Your logic is enforced on both third-party sites and websites that VE is installed on.

What inspired this post? Around minute 24 of a conversation between @sivers and @michaellynch, Derek says the best ideas help valuable people inside companies build what they need — and how the market for that is infinite. Michael mentions Retool. I believe that VE has that type of potential. VE helps any user inject logic — budgets, allocations, constraints — into any interface using simple rules for simple situations all the way up to and including tying into HR and AAD (RBAC anyone?) And it installs and activates in seconds.

I’m not showing the full system publicly yet, but as a solo developer, I’d love to walk a few thoughtful folks through it. Derek and Michael are at the top of my list, but if this resonates with you, I’d be glad to talk.

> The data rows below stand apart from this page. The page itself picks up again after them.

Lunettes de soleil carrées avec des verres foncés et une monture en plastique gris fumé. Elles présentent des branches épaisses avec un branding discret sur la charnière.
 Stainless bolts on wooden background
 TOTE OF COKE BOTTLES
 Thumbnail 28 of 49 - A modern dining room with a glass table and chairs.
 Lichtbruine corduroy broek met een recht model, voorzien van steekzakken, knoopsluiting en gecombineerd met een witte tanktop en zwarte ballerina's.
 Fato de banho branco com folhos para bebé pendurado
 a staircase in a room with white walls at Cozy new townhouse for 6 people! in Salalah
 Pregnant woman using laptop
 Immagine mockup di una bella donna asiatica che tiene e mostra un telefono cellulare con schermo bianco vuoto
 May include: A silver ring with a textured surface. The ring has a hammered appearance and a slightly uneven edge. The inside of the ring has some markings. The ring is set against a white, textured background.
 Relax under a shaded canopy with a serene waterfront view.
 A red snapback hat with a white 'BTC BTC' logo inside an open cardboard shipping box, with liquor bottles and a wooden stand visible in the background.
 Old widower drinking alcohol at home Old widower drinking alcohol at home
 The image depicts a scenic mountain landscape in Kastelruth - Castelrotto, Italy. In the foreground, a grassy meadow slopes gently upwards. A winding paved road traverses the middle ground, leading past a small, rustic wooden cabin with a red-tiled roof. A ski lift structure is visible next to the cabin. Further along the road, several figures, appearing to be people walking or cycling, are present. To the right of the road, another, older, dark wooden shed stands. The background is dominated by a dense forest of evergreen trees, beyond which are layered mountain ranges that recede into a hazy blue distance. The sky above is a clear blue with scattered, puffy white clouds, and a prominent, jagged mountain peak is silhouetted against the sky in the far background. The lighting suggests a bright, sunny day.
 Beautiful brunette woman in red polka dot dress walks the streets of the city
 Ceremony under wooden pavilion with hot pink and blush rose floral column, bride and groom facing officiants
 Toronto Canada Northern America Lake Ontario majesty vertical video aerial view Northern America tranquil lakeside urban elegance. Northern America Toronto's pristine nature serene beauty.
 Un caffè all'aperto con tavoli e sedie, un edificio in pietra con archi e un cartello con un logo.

I’m asking: - Is this a real pain you’ve felt before? - Would you use a logic layer like this — even on apps you don’t own? - Where’s the line between helpful logic enforcement and overreach?

About me: I got my start at Microsoft as a freshman — still no degree. I’ve been an SCO Unix SA, a System Architect at Boeing, a web developer for multimillion-dollar ecommerce systems, and a Delivery Engagement Manager / Jr. Consultant for Oxford Computer Group, NA. I’ve also worked retail, driven transit buses, and rebuilt after bankruptcy.

Now I’m here — and I’ve filed multiple provisional patents covering all aspects of Variable Engine.

Thanks in advance for your time. Happy to answer questions.

Comments

crop_rotation•7h ago
> Is this a real pain you’ve felt before? - Would you use a logic layer like this — even on apps you don’t own? - Where’s the line between helpful logic enforcement and overreach?

This is a pain in most companies, and several companies end up building a non generic version of it. I believe retool and other internal tool builders are kinda similar.

bTal•6h ago
Thanks — totally agree a lot of companies do end up building custom internal logic systems or rigid approval flows to handle logic.

Tools like Retool are great for internal dashboards and form-based workflows. But they still assume you control the app — the UI, the APIs, the data layer.

VE is intentionally not internal. It rides above — not inside — systems. It enforces logic at the interface level, even on platforms you don’t own (like Amazon, Salesforce, Shopify, etc.).

Where Retool helps you build tools for your team, VE helps you enforce rules and business logic wherever your team already works — including third-party apps, public sites, and vendor portals. You don’t need the source code or API access. You just inject VE.

So instead of “rebuild it in Retool,” you can say:

“Just apply the logic layer to what already exists.”

And because the rules are external, explainable, and versioned (.vlg), non-technical users can safely edit and reason about them, while AI assists when needed.